*Work to complete:*
One part of the entries below is wanted: the lines from the one containing "İcarə köhnə tikili" through the one containing "Broche acier CAROLINA HERRERA". Write those out exactly and nothing else.

Segment Start: Data for this exercise

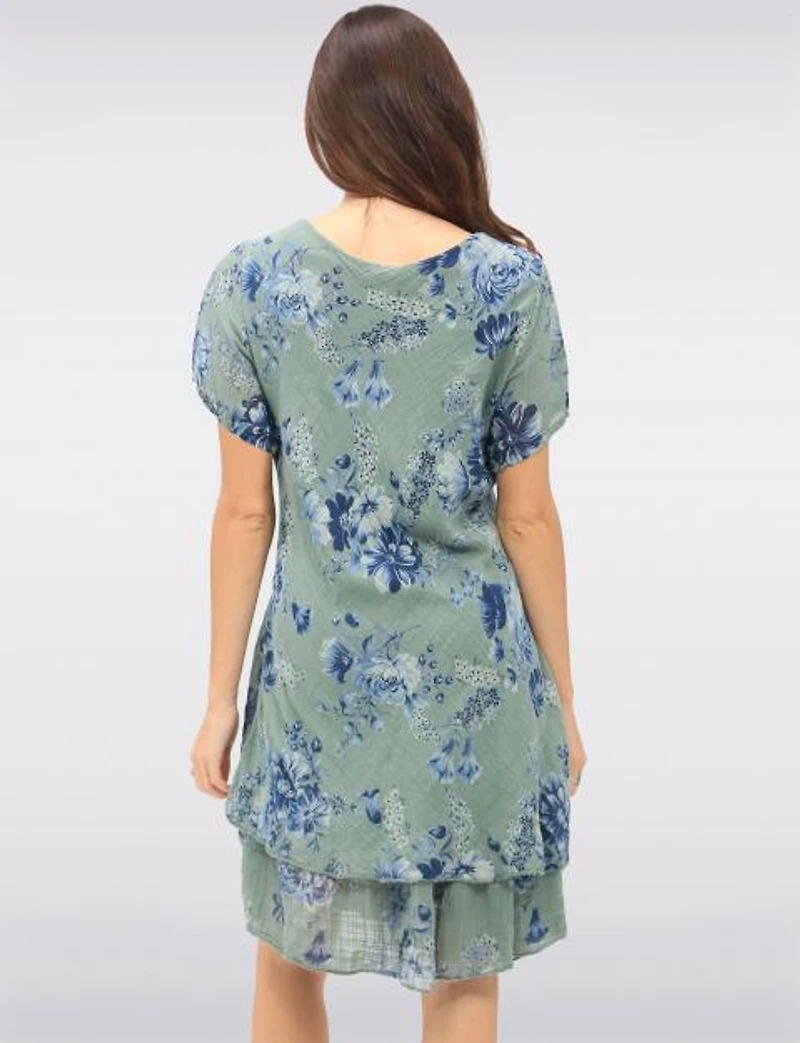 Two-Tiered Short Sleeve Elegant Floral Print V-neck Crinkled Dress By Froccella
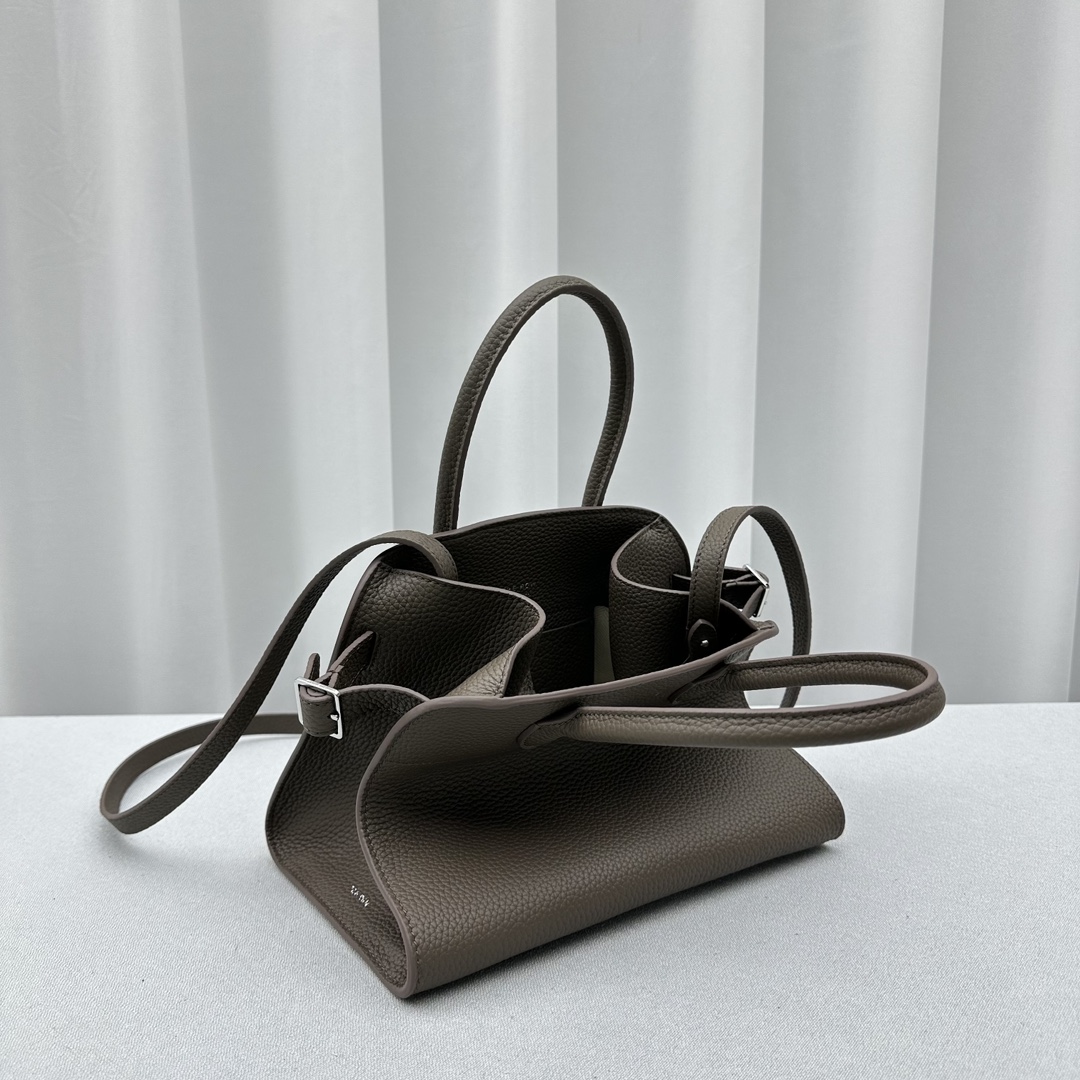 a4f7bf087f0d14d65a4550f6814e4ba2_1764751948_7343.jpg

Segment End: Data for this exercise
Segment Start: Data for this exercise

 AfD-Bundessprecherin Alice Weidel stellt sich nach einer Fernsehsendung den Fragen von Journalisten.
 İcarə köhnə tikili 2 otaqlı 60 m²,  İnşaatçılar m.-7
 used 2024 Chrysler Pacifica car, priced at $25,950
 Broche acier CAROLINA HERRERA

Segment End: Data for this exercise
Segment Start: Data for this exercise

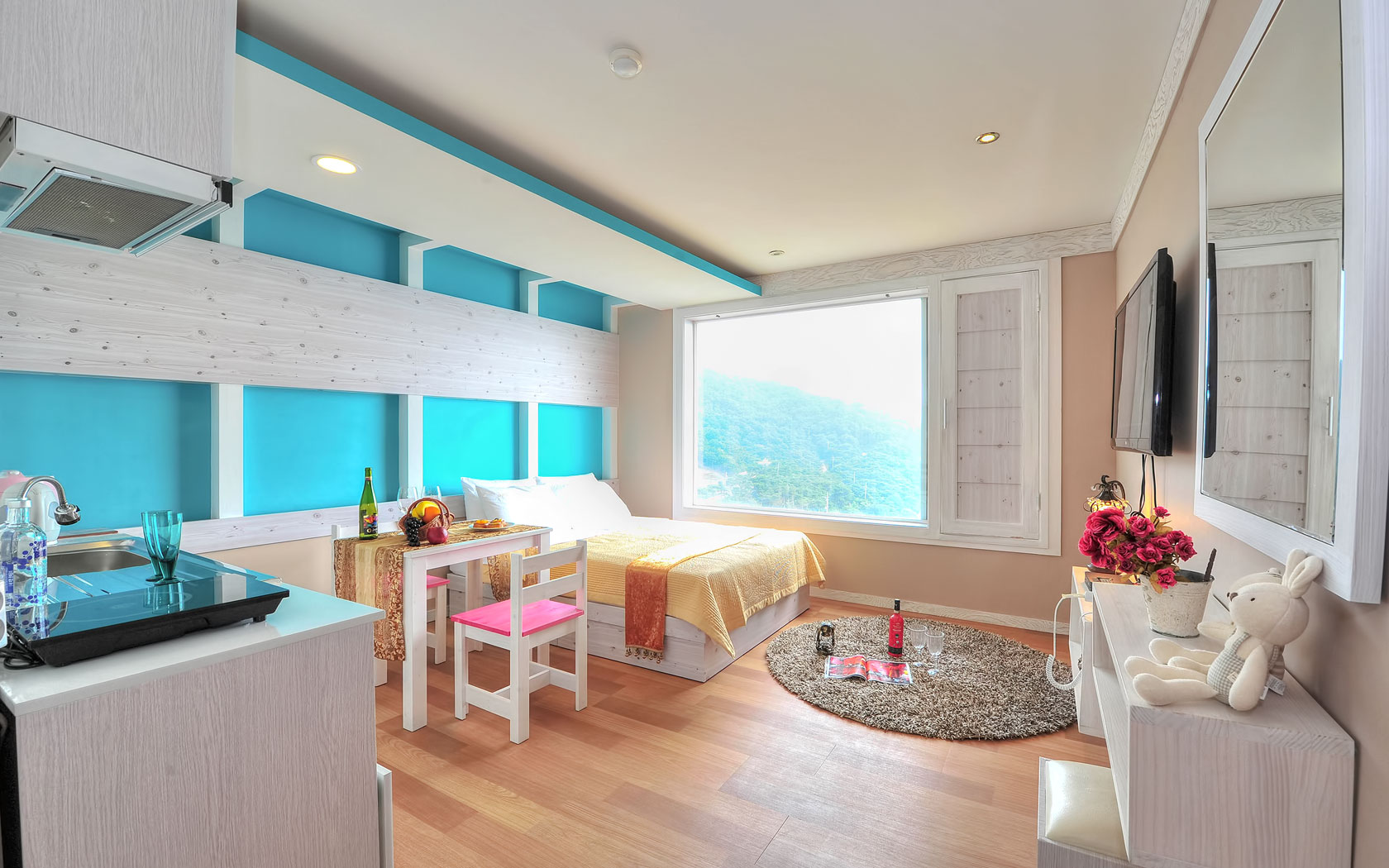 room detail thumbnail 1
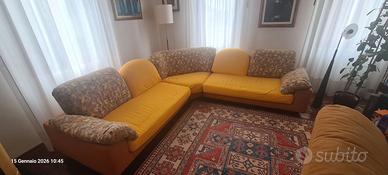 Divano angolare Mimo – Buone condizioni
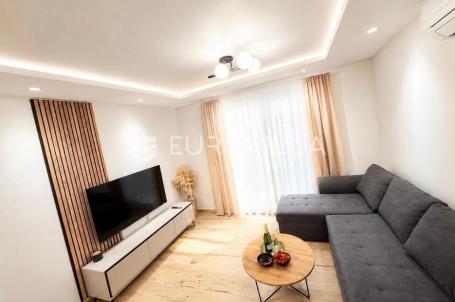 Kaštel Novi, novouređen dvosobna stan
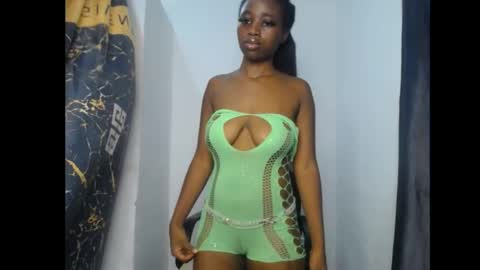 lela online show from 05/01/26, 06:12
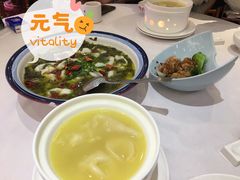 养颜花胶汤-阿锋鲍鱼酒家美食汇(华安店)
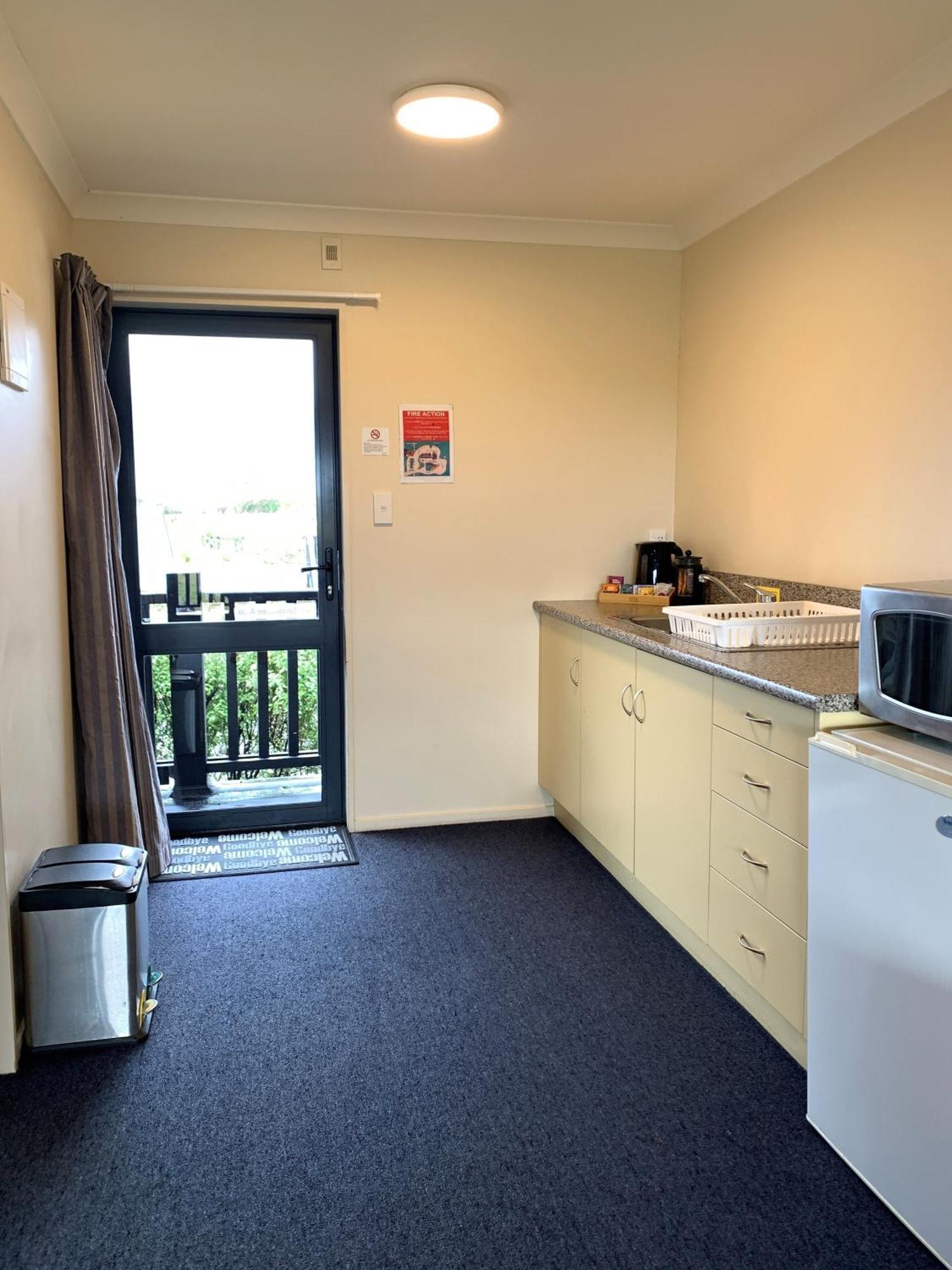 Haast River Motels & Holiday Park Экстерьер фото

Segment End: Data for this exercise

*Answer for the task:*
 İcarə köhnə tikili 2 otaqlı 60 m²,  İnşaatçılar m.-7
 used 2024 Chrysler Pacifica car, priced at $25,950
 Broche acier CAROLINA HERRERA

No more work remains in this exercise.